Um 17.30 Uhr erreiche ich noch einen Aussichtsturm, den ich schnell erklimme und der mir ein paar schöne Aufnahmen ermöglicht und gegen 18 Uhr schaue ich mir noch ein Denkmal an, dass an die glorreiche Zeit der Region erinnert, als Bilderrahmen-Künstler sich gegen die Herrschaft aus dem heutigen Nachbarland auflehnten. Zu sehen ist eine zwei Meter hohe Steinskulptur in Form eines runden Pfeils. Den Zusammenhang mit dem Aufstand und mit den Bilderrahmen verstehe ich gerade nicht. Aber diese Skulptur sei für die Region von großer Bedeutung. So sagte man es mir im Bilderrahmen-Museum. Also folgte ich diesem Hinweis und wundere mich nun über die Wichtigkeit. Die ach so wichtige Skulptur ist mit Graffiti verschmiert und von Müll im hohen, ungepflegten Gras umgeben. Den Abstecher hätte ich mir, mal wieder, sparen können.

Und abends findet man keinen Platz
Und abends findet man keinen Platz

Es wird Zeit, an eine Übernachtung zu denken. Der Idealfall wäre ein Wohnmobilstellplatz auf dem Weg zum nächsten Fotostopp. In diesem Fall handelt es sich wieder um eine kleine Altstadt und siehe da, es gibt sogar einen Stellplatz. Bei der Ankunft gegen 18.30 Uhr stellt sich aber heraus, dass der Platz komplett belegt ist. Schade. Doch es gibt einen weiteren Platz, nur zwei Kilometer Fußweg von der Altstadt entfernt, am anderen Ende der Stadt. Um 19 Uhr steht das Wohnmobil auf einer Parzelle und da die Abendsonne doch noch ihr Antlitz zeigt, schnappe ich mir wieder meinen Rucksack und starte zum gut zwanzigminütigen Fußmarsch in das kleine Städtchen. Um 21 Uhr bin ich wieder zurück am Fahrzeug und habe Feierabend. Fast. Denn während ich jetzt endlich meine Brötchen esse, beantworte ich noch E-Mails und schaue mir an, was mich am nächsten Tag an Wetterprognose und Fotostopps erwartet.

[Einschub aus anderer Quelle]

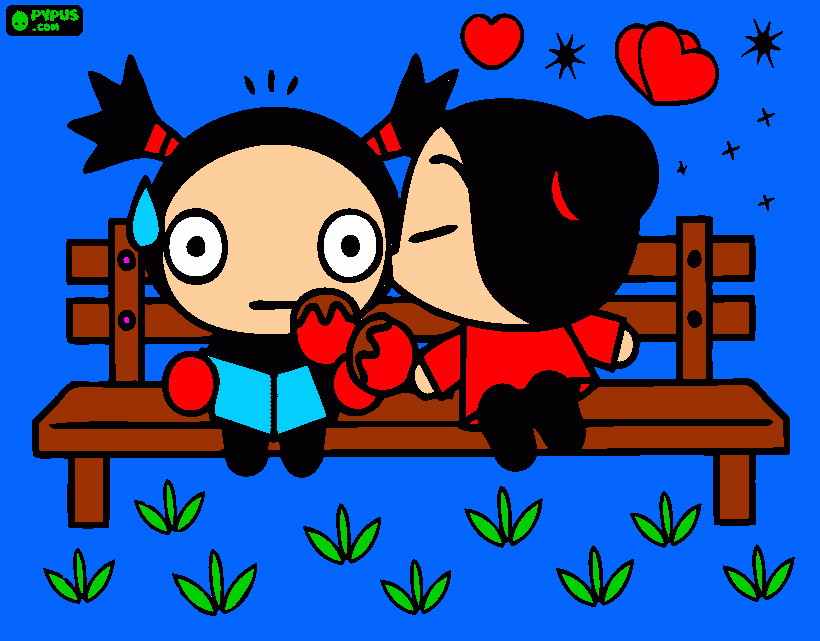 pucca e garu num romance fofo (16/07/2014 k g b)!!!!! para colorir e imprimir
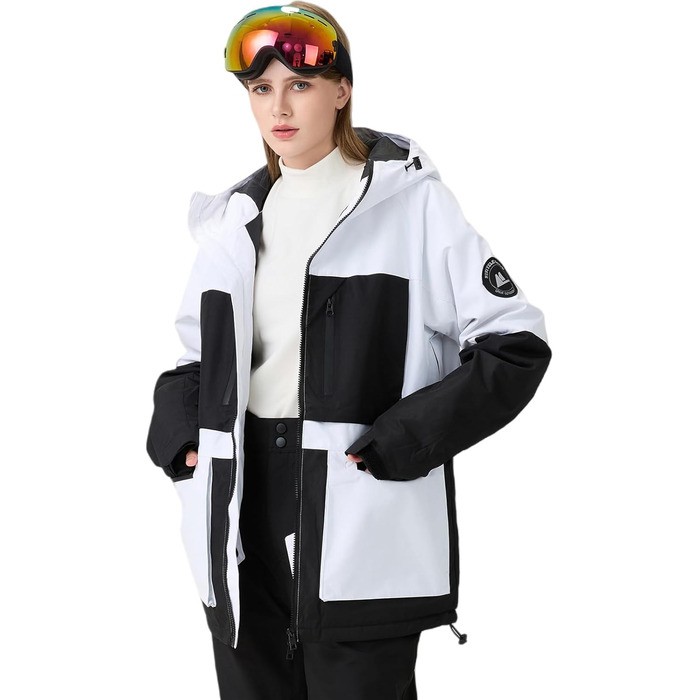 Жіночий комплект гірськолижний (2 шт.): куртка та штани HOTIAN. Водонепроникний, вітронепроникний, теплий. Розмір M, колір: чорний + білий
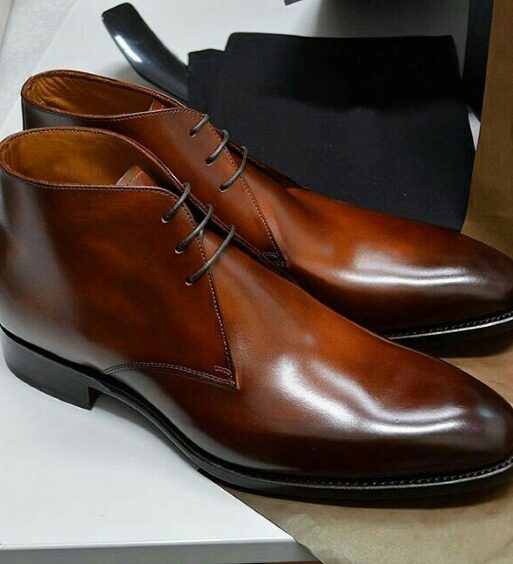 Handmade Men's Brown Leather Ankle High Chukka Boots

Völlig durchnässt für ein schlechtes Foto
Völlig durchnässt für ein schlechtes Foto

Es war ein ganz normaler Reisetag, der ganz im Zeichen meiner Arbeit stand. Ich habe Orte besichtigt, die mich nicht interessieren. Ich habe Fotos gemacht, von denen ein Teil unbrauchbar ist und ich habe Kosten gehabt, von denen ich noch gar nicht weiß, ob sie sich rentieren. Außerdem habe ich an so einem durchschnittlichen Tag 200 bis 300 km mit dem Wohnmobil zurückgelegt und war zu Fuß knapp 18 km (ca. 25.000 Schritte) unterwegs. Für den einen oder anderen mag das Jammern auf hohem Niveau sein. Denn es gibt Arbeiten, die definitiv schlimmer sind. Aber darum geht es in diesem Beitrag ja nicht. Es geht schlicht um das Grundsätzliche: Dass es überhaupt eine Arbeit ist. Es ist kein Urlaub.